UCSC Genomics Text Indexing

The problem

Researchers spend an increasing amount of time trying to locate articles that relate to their topic of interest. Many biomedical researchers work on given part of a chromosome and have to switch between a genome browser and literature search engines very often. For these users, we have developed a targeted search engine, built into the UCSC Genome Browser.

Background: Spatial internet search engines

Map-based internet search engines like Yahoo/Bing/Google Maps rely on a process called "geocoding". In short, they search all pages of the internet for text that includes an address. They resolve them to GPS coordinates and place them on satellite maps of the earth. On a map, you can navigate webpages of businesses (e.g. restaurants) written in any language in your geographical area in a more intuitive way than with a keyword search.

"Genocoding" scientific articles

Our project is running a software that searches for references to chromosomal locations in scientific articles. We show the results on the UCSC genome browser, which biomedical researchers use like a map to navigate the human chromosomes.

The following image on the homepage of our original project text2genome explains this with a DNA sequence:

Here, the software found a DNA sequence in a text and mapped it to a location on chromosome 5. Just like Yahoo/Google/Bing Maps, the software has found two words that represent an "address" (the DNA sequence). They are put at the right place on the genome browser's graphical map of a chromosome.

Just like street addresses, there are multiple ways to refer to a chromosomal location. DNA sequences are only one of them. Depending on the context and the experiment, authors use various other forms:

Cytogenetic band names (like 17p13.1)
Gene symbols (e.g. TP53)
RefSeq Transcript identifiers (e.g. NM_001126113) or Ensembl ENST00000269305
SNP Mutation identifiers, e.g. rs2909430

The five examples are all located on the same region on chromosome 17. They describe various ranges around the TP53 cancer gene. The last identifier, rs2909430, relates to only one single nucleotide of the human genome.

This means that in order to find the effects of a deletion on a chromosome, users have to go through search engines trying various identifiers, just like looking for an address with a normal Google Web Search.

When we have run our genocoding software, articles are linked on the genome browser like this:

The first line show two genes, KKLN and PTEN. The second line highlights all mutations in databases in this area, most of them have never been mentioned in a paper. Underneath, you can see the results of the literature mapping.

Users can immediately see that most authors focussed on the right-hand part of the gene. In a separate line, you can see that the gene PTEN has been mentioned very often, in more than 9912 articles in the literature, while its immediate neighbor KKLN has been mentioned only six times.

Of more than 100 known mutations in this genomic region, only nine have been mentioned. Users can now click on all these highlighted features and get redirected to the title, snippet and the authors of the article, with a direct link to the fulltext article on the publisher's webpage.

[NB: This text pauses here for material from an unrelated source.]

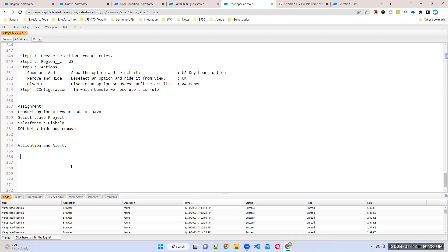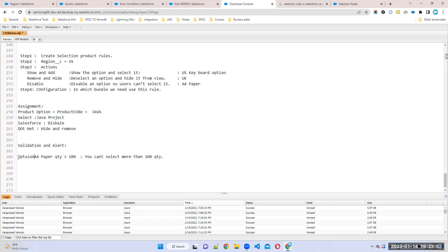Let me give a simple example. I'll take an IT Professional Back Bundle. Whenever I'm selecting an A4 paper, if the quantity is more than 100, I want to show an error message: 'You cannot save this — quantity more than 100, you cannot select more than 100.' We cannot achieve this with other options. Whenever I'm selecting the A4 paper product option in a bundle, if quantity is more than 100, I don't want to allow it.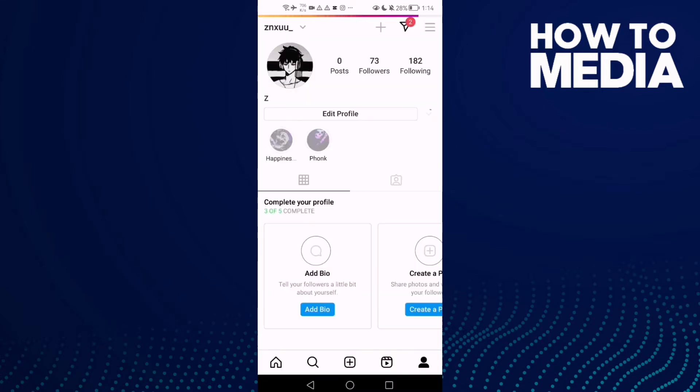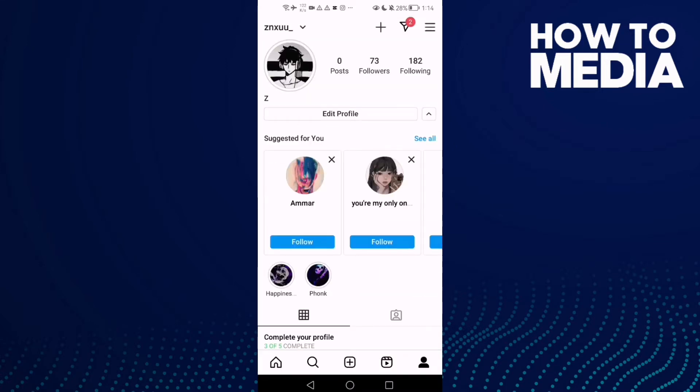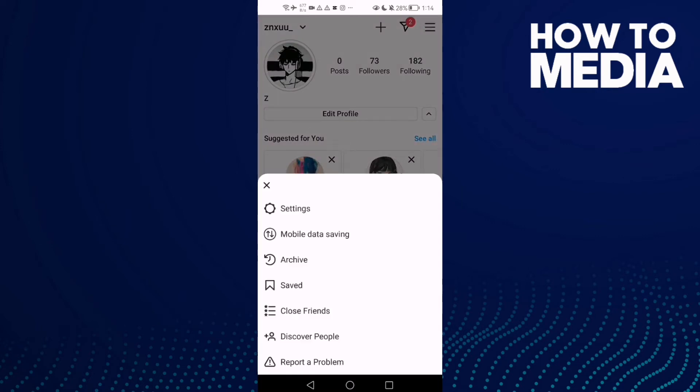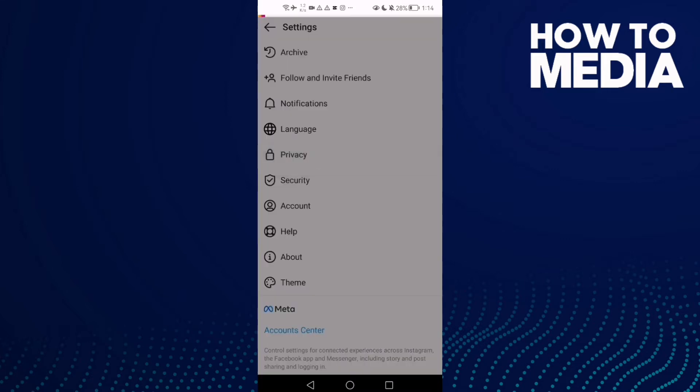Now click on your profile and then click the three lines in the top corner. Here we'll find Settings. Then click Privacy, and here we'll find Tags.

Here is an example click on one of the mutations:

Highlighted is a snippet around the mention, similar to what Google Scholar shows:

Note that to find this hit with a search engine like Google Scholar or Bing Academic alone, one would have to go through all the thousands of articles that mentioned the gene PTEN or alternatively search for all mutation identifiers in this genomic region of PTEN, of which there are at least 100.

What our software does

It requests Medline entries for a journal, downloads a PDF from the publishers' server (not more than 3 per minute)
It converts the PDF (or Microsoft Office, XML, etc) to text
The text is searched for these genomic identifiers:

Species names from NCBI Taxonomy
Official HGNC Gene symbols from genenames.org
Cytogenetic Bands (simplified version of the ISCN standard)
SNP Mutation identifiers (currently only dbSNP identifiers, planned: synonyms)
(planned: STS marker names from NCBI UniSTS)
DNA and protein sequences (details see below)

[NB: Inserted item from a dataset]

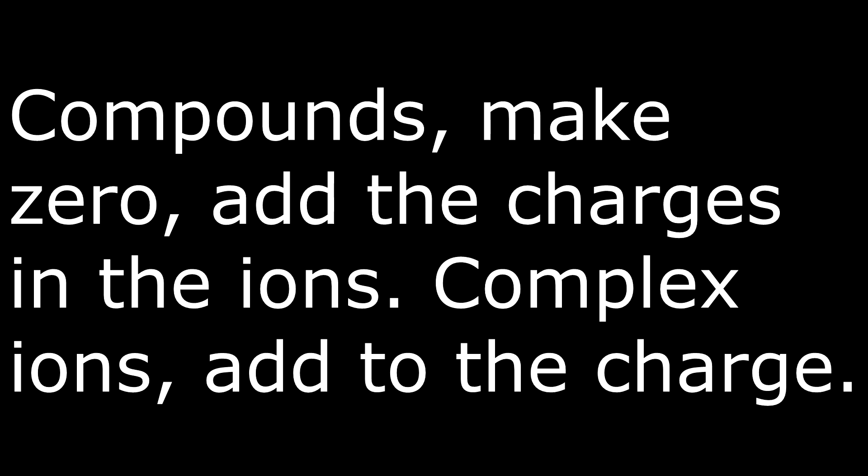Complex ions add to the charge. O is minus one.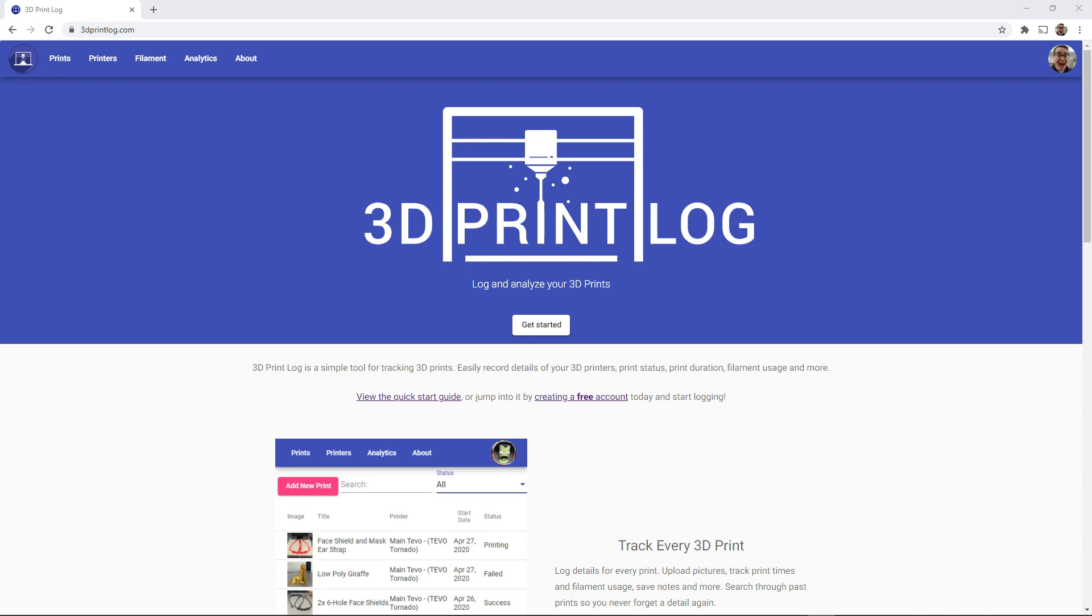Hey everyone and welcome back to Hoffman Engineering and today I'm happy to announce a new update to 3dprintlog.com that adds in robust filament spool tracking. So now you can keep track of all of your spools of filaments and know exactly how much filament is remaining on that spool before you start that print.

For all but the last category, the article and snippet are linked from the genome browser at the respective genomic location

For DNA and protein sequences, finding the right location involves many steps that are CPU-intensive and are run on our genomics compute cluster. We have described them earlier in an article in the journal Bioinformatics.

Summary

Our software links articles from the genomic locations that they discuss, in a more comprehensive way than normal keyword searches. We believe this provides benefits to the biomedical research community and to the publishing industry alike.